08 December 2007

Let's Go To Prison (2006)

I'm not going to pretend there are no laughs in the alleged comedy Let's Go To Prison. On the contrary, there is exactly one laugh in Let's Go To Prison. Here it is.

You've now seen all of the good parts. You're welcome.

The terrible premise: Career criminal John Lyshitski (Dax Shepard) hates the judge who keeps sentencing him to prison, so when the judge dies Lyshitski gets the judge's son, Nelson Biederman IV (Will Arnett), put in prison, then gets himself put in prison so he can torture Biederman in retaliation for his father's misdeeds. Instead of, say, just not committing any more crimes. Or torturing Biederman on the outside. Or being mad at himself for being such a dumb criminal, rather than at the judge who keeps sending this guy to prison for stuff he's actually done wrong.

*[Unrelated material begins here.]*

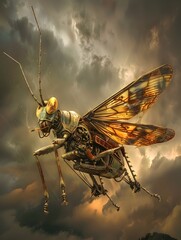 Dramatic Close-up of Mechanical Grasshopper Flying through Stormy Skies with Intense Detail and Fantasy Elements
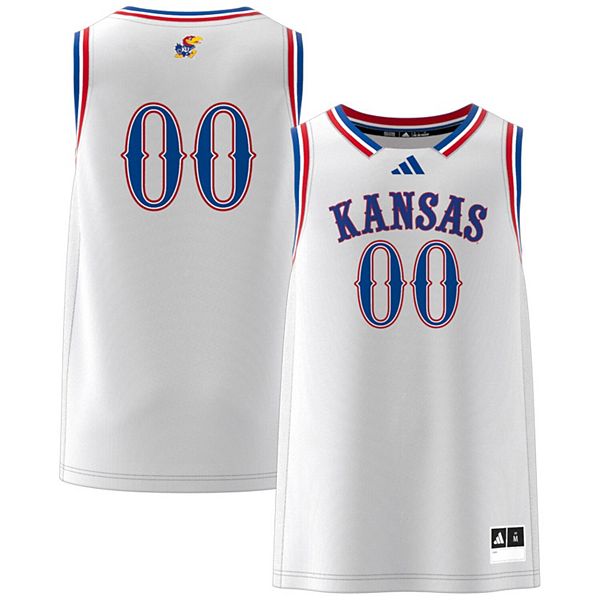 Мужская футболка Kansas Jayhawks #00 белая Adidas — фото 2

Let's Go To Prison shares some disturbing parallels with the alleged comedy Unaccompanied Minors, in that both films feature a lot of funny people popping up without any of them ever doing or saying anything funny. This is a movie directed by the co-creator of one of my favorite shows ever ("Mr. Show with Bob and David") and starring an actor from one of my favorite shows ever ("Arrested Development," duh). It's also written by a bunch of guys from "Reno 911" (everyone else's favorite show ever). All that talent resulted in one funny scene, and that scene isn't funny because of its dialogue, because there isn't any.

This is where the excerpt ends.